Bei der Beschreibung von Tätern und Opfern im Darfur-Konflikt beschränken sich die deutschen (ebenso wie die meisten europäischen und amerikanischen) Medien darauf, holzschnittartig "Araber" als Täter und "Afrikaner" als Opfer zu benennen. Diese Kategorien mögen als grobes Raster helfen, den Konflikt zu verstehen. Die äußerst komplexen ethnischen Strukturen in den verschiedenen Teilen Darfurs erhellen sie nicht. Darfur ist etwa so groß wie Frankreich und zählt ca. 6-7 Mio. Einwohner.

Darfur ist seit 1994 in drei administrative Einheiten aufgeteilt. Das zur Sahel-Zone gehörende Nord-Darfur ist die Heimat kamel- und viehzüchtender Nomaden und Halb-Nomaden, die in ihrer großen Mehrheit zum Volk der "afrikanischen" Zaghawa gehören.
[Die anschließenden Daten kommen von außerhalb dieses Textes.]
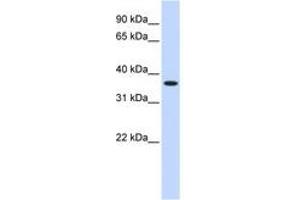 Image no. 1 for anti-Zinc Finger Protein 444 (ZNF444) (AA 108-157) antibody (ABIN6740452) (ZNF444 Antikörper  (AA 108-157))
Daneben existiert in Nord-Darfur eine kleine Minderheit arabischsprechender Nomaden. West-Darfur wird - zu beiden Seiten des vulkanischen Djebel Marra - von den Fur, Massalit, Daju und Berti bewohnt, seßhaften, nicht-arabisch(sprechend)en, vor allem Hirse anbauenden Ackerbauern. Süddarfur schließlich ist die Heimat der arabischsprechenden Baggara, ebenfalls vieh- und kamelzüchtender Nomaden, die seit dem 18. Jahrhundert in Süd-Darfur ansässig sind und sich mit ihren afrikanischen Nachbarn vermischt haben. Alle Bewohner Darfurs sind Muslime. Das Arabische ist auch für Ethnien mit eigener Sprache eine von vielen benutzte Lingua Franca. Kein Teil Darfurs war jemals ethnisch homogen, die Identitäten sind oft fließend. So kann z.B. ein erfolgreicher Fur-Bauer mit Hilfe einer ausreichenden Anzahl Viehs zum Baggara werden und sich innerhalb weniger Generationen einen authentischen arabischen Stammbaum zulegen.[1] Mischehen zwischen "schwarzafrikanischen" und "arabischen" Stämmen sind häufig.

Das Sultanat Darfur

Der historische Konflikt um Land, Wasser und Ressourcen zwischen seßhaften Bauern und viehzüchtenden Nomaden ist bereits für das um 1650 gegründete Sultanat von Darfur belegt.[2] Den überwiegend nicht-arabischen Ethnien, die das Sultanat dominierten gelang es, mit Hilfe einer schlagkräftigen Kavallerie der Bedrohung durch die Nomaden Herr zu werden. 1874 brach dieses Gleichgewicht zusammen als der arabische Sklavenhändler Zubair Rahma Mansur das Fur-Sultanat zerstörte und dessen Ackerböden und Weidegründe für die Baggara-Nomaden zugänglich machte. Nach dem Zusammenbruch des Mahdi-Staates lebte das Fur-Sultanat unter Ali Dinar noch einmal auf und konnte sich bis 1916, als es von den Briten dem anglo-ägyptischen Kondominium einverleibt wurde, der fortdauernden Bedrohung der seßhaften Bevölkerung durch einfallende Nomaden erwehren. Die Briten überließen die Verwaltung weitgehend den Stammesoberhäuptern und beschränkten sich darauf, Sicherheit und Ordnung zu gewährleisten. Ebenso wenig wie die sudanesischen Regierungen nach der Unabhängigkeit, unternahm die britische Administration Anstrengungen, um Darfur aus seiner Isolation zu befreien. Nyala, die Hauptstadt Süd-Darfurs bekam zwar 1959 einen Eisenbahnanschluß, aber der Betrieb war und ist unregelmäßig und ändert an der Isolation des sudanesischen Westens wenig. El-Fascher wartet bis heute auf eine Eisenbahnanbindung und ist nur über unbefestigte Straßen zu erreichen. Robert Collins weist darauf hin, daß es in den letzten 200 Jahren keiner sudanesischen Regierung gelungen sei, Darfur tatsächlich zu regieren.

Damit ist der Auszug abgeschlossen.